══ PROVIDED DATA
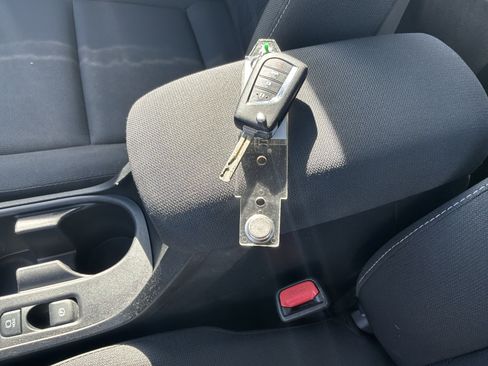 Used 2023 Toyota Corolla LE FWD image 35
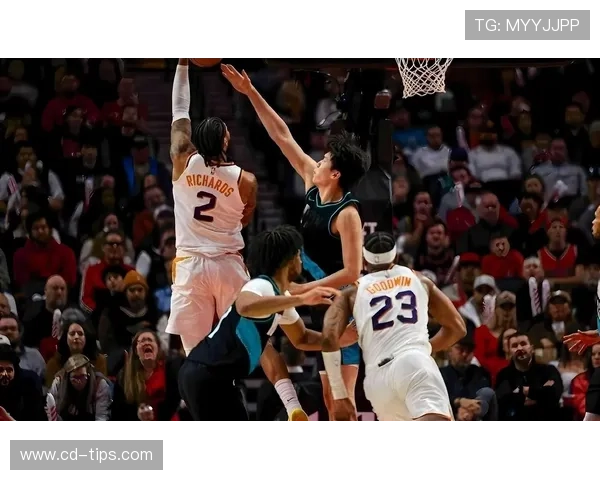 阿夫迪亚26+10+8领衔开拓者胜76人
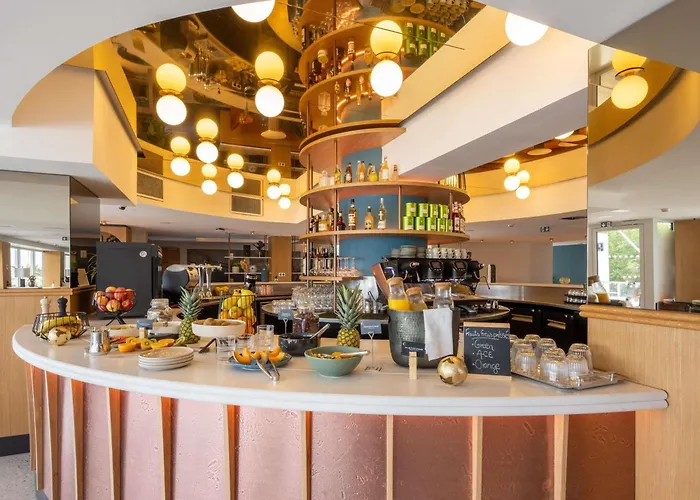 Hotel Mercure Vieux Port La Rochelle (Charente-Maritime)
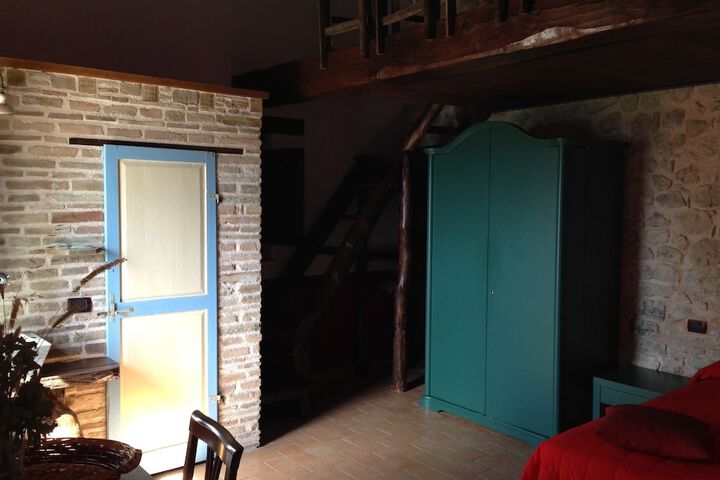 Room 2 of 31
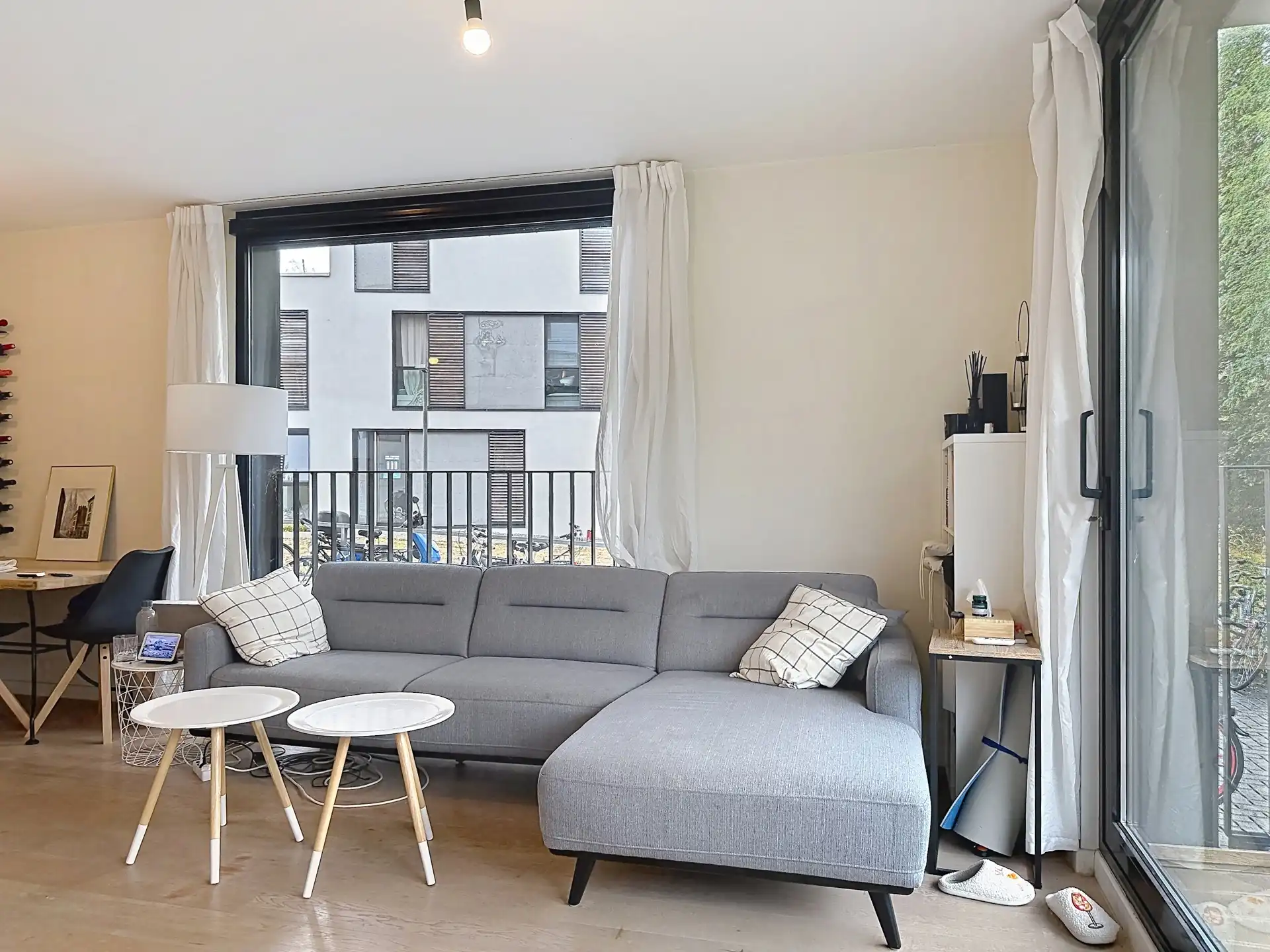 Modern 2 slaapkamer appartement gelegen op rustige site foto 3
════
* _WORK TO COMPLETE_
Could you please return each line of the material exactly, dropping the pictures?

* _RESULT OF THE TASK_
 Used 2023 Toyota Corolla LE FWD image 35
 阿夫迪亚26+10+8领衔开拓者胜76人
 Hotel Mercure Vieux Port La Rochelle (Charente-Maritime)
 Room 2 of 31
 Modern 2 slaapkamer appartement gelegen op rustige site foto 3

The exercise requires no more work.